A normal recession is more or less caused by an excess of production which has to work its way through the system before there is recovery. This will be a financial recession caused by a lack of demand due to over indebted consumers and poor job growth. This recession is more similar to the recession of 1929-33, 1937 and 2007 than later recessions.
The good news is that proper government action could limit the downside to this recession. The bad news is that there is unlikely to be any government action until the damage from the recession is well established. Political action will be taken only when the damage becomes obvious (i.e., unemployment breaches 10%) to improve election chances for incumbents before the election which is 15 months away.
Obama's job plan has been leaked and is underwhelming as usual. Totaling $300 billion including absolutely useless tax cuts, it is approximately a fourth the size needed to reduce unemployment. Republicans have already stated that they would oppose it so quick action is not going to happen. At this point, the recession will be at least 10 to 12 months long. The closer action occurs to the election, the longer the recession.
Wrapping It Up
Based on the above, a reasonable, but certainly wrong in the details, estimate of the drop in the market from a recession in the current environment of flat or declining deficits and loose monetary policy is:
- PE10 range down to 12 – based the recessions of 1937 and 2007, where monetary policy seems to have helped halt the decline.
- Profits down by 37% to 54% -- based on the recessions of 1937, 1991, and 2001 which seems to cover the range of negatives where government policy is implemented in the likely timeframe.

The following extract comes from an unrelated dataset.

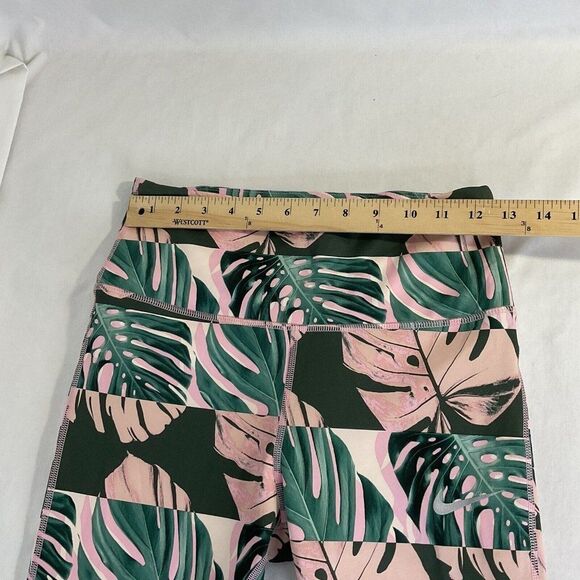 New Nike Dri Fit Activewear Cropped Pant Legging Pink Leaf Women's Medium - Picture 6 of 9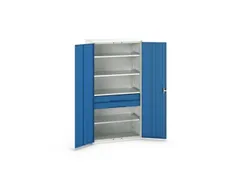 universele kast,HxBxD 2000x1050x550mm,4xStalen bodem,2lade(n)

- S&P500 Down 40% from recent high to 820 -- basically in line with profit declines (though timing is different,) as the market anticipates turnaround at first announcement of expansive government policy.
- The market decline will be spread over a 10 to 12 month period -- this is approximately the same length as the recession. Note that we started the decline in April so this is the fourth month. The bottom should be February to April if there is some sort of real government action around this time. This is probably stimulus but there are other actions that could result in a market bottom.
- Continued perverse government action will make the recession and stock drop much worse than anticipated. The economy is relatively weaker than it was when it entered the recession of 1937 so the stock drop could exceed the 45% of 1937-38 unless corrective action is taken.
- A worldwide recession might/would force Greek default which would probably ignite another financial crisis, crushing financial stocks.
Perhaps I'm too negative. Many feel that the bad news will simply make the Fed act faster and save the economy with monetary policy. What worries me about this is that some facts are being ignored:
- The Fed cfhairman has unequivocally stated that "most of the economic policies that support robust economic growth in the long run are outside the province of the central bank."
- The Japan experience has shown that quantitative easing will not reverse a declining economy, though it may give a temporary rally.
If you are still expecting a significant rise in the market from current levels, you are probably going to be disappointed. Only QE 3 is likely to move the market upward significantly and the lack economic growth means that this will be temporary. The market has a bad habit of discounting news well in advance so we may have already experienced the QE3 rally.
Prudent investors will be totally defensive until some sign that government is taking an active role in fighting the coming recession. Preservation of capital is the name of the game until trends get clearer.
Disclosure: I have no positions in any stocks mentioned, and no plans to initiate any positions within the next 72 hours.